Une mobilisation citoyenne pour sauver un écosystème marin en péril
Une pétition lancée fin janvier dernier a déjà rassemblé plus de 4 200 signatures. Portée par un collectif de 21 associations, elle plaide pour la création d'une aire marine protégée sur le plateau des Aresquiers à Frontignan, un site autrefois riche en vie marine aujourd'hui gravement dégradé.
L'urgence de protéger un patrimoine naturel unique
Le plateau des Aresquiers, vaste formation rocheuse de plusieurs kilomètres carrés, a subi une altération profonde au cours des quarante dernières années. Riverains, plongeurs et pêcheurs de loisir témoignent unanimement de l'effondrement spectaculaire de la biodiversité. Ce qui était autrefois un lieu regorgeant de poissons, crustacés, mollusques et calamars ne présente plus aujourd'hui qu'une fraction de sa richesse passée.

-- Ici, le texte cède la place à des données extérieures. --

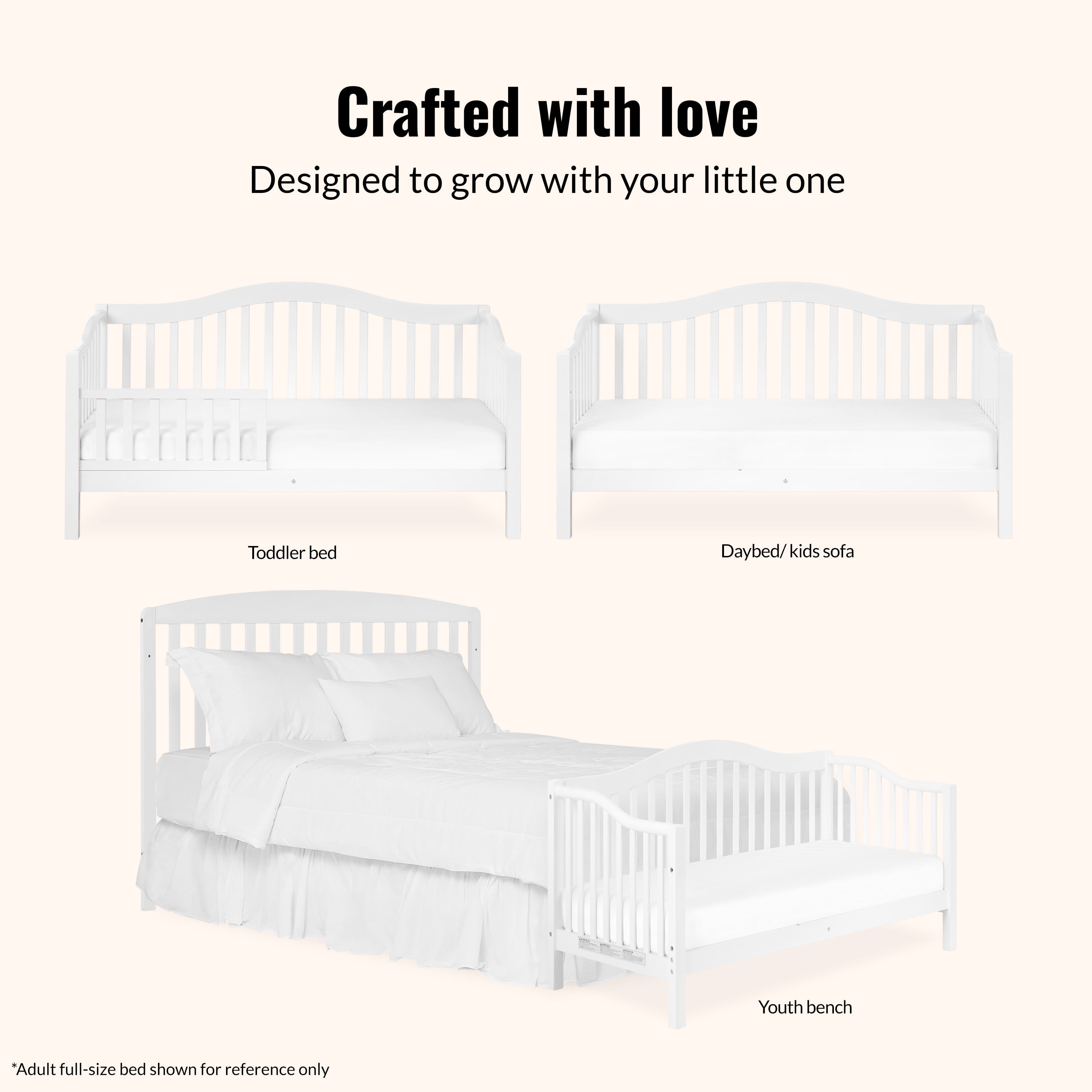 Dream On Me Austin Toddler Day Bed, White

Le Comité départemental de voile de l'Hérault (CDV34), qui a officiellement soutenu la pétition, alerte : "Il n'est pas trop tard, mais il y a urgence d'agir. La vie peut revenir si on la protège." Cette adhésion, votée par 40 voix pour et une abstention lors de l'assemblée générale du comité, souligne la prise de conscience croissante parmi les usagers de la mer.
Un écosystème stratégique pour la Méditerranée
Le plateau abrite l'un des derniers herbiers de Posidonie du Golfe du Lion, des plantes marines cruciales dans la lutte contre le réchauffement climatique. Selon le CDV34, ces herbiers abritent plus de 25 % de la biodiversité méditerranéenne. De nombreuses espèces sédentaires y trouvent refuge, viennent s'y nourrir et y grossir, notamment le loup, la daurade et la rascasse.

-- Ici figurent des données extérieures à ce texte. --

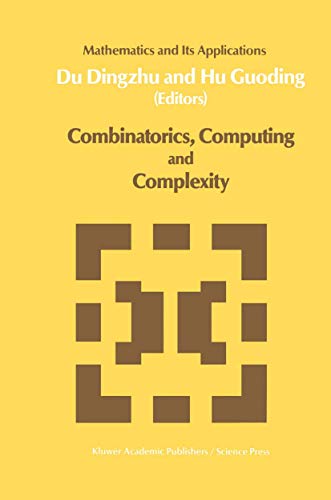 Imagen de archivo de Combinatorics, Computing and Complexity a la venta por Revaluation Books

Les scientifiques et les services de l'État identifient ce plateau rocheux comme stratégique pour la survie des espèces migratoires, en particulier celles menacées d'extinction. Sa protection revêt donc une importance qui dépasse le cadre local.

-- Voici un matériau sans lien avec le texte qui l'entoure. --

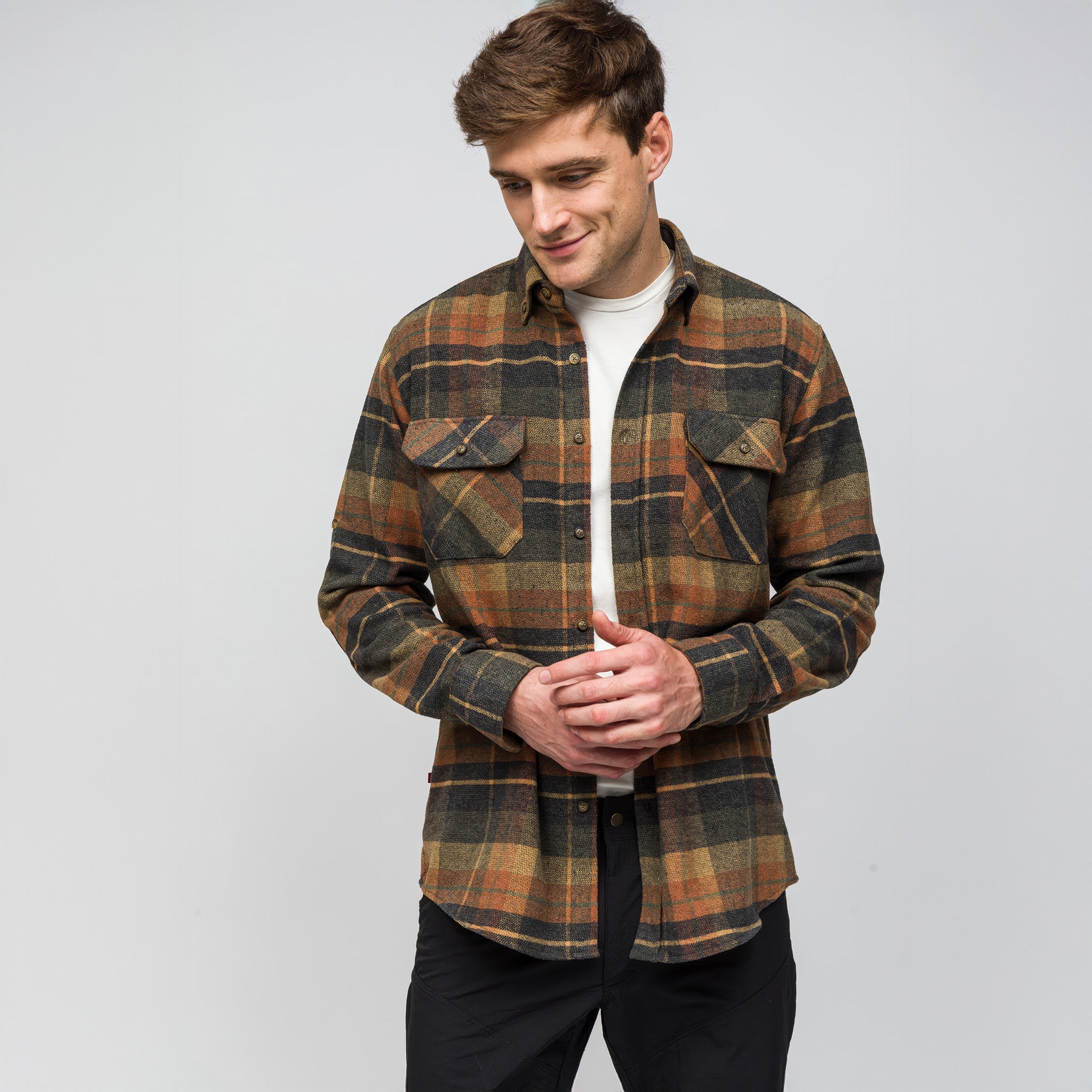 Crafter Oduncu Gömleği Yumuşak Tuşe | Kahverengi Ekose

Une concertation réclamée pour une protection effective
Les pétitionnaires demandent "l'ouverture immédiate" d'un processus de concertation pour créer une aire marine "véritablement protégée" avec des moyens humains et financiers adaptés. Cette aire doit permettre de réduire l'impact des usages grâce à des aménagements spécifiques comme des ancrages écologiques, préservant ainsi les habitats tout en maintenant des activités à faible impact.
Le collectif cite en exemple les réserves marines protégées d'Agde et de Cerbère-Banyuls en Occitanie, présentées comme des modèles fonctionnels grâce aux moyens qui leur ont été attribués.
Une coalition large d'acteurs engagés
La pétition rassemble un large éventail d'associations : des riverains (Association des riverains de Frontignan plage, Entre mer et étangs), des usagers de la mer (AKLR, Aresquiers subaquatiques, CDVL34, Kayak Med, Kite-Wing-Maguelone, Muscat rames, Thau Kite Club, Tiki Center) et des organisations de protection de l'environnement (Ailerons, FNE Occitanie Méditerranée, Greenpeace Montpellier, LPO Occitanie, Maguelone Gardiole, Nature Academy, Océan Protection France, Planet Citizen, Surf Rider Hérault, Swim4sea, Terreau de Vic).
Bruno Gutierrez, président du CDV34, a signé la pétition à titre personnel, déclarant : "Je trouve bénéfique que tout le monde ait la volonté de travailler ensemble pour la protection des ressources." Cette initiative démontre une mobilisation inédite pour préserver ce qui reste d'un écosystème marin autrefois florissant.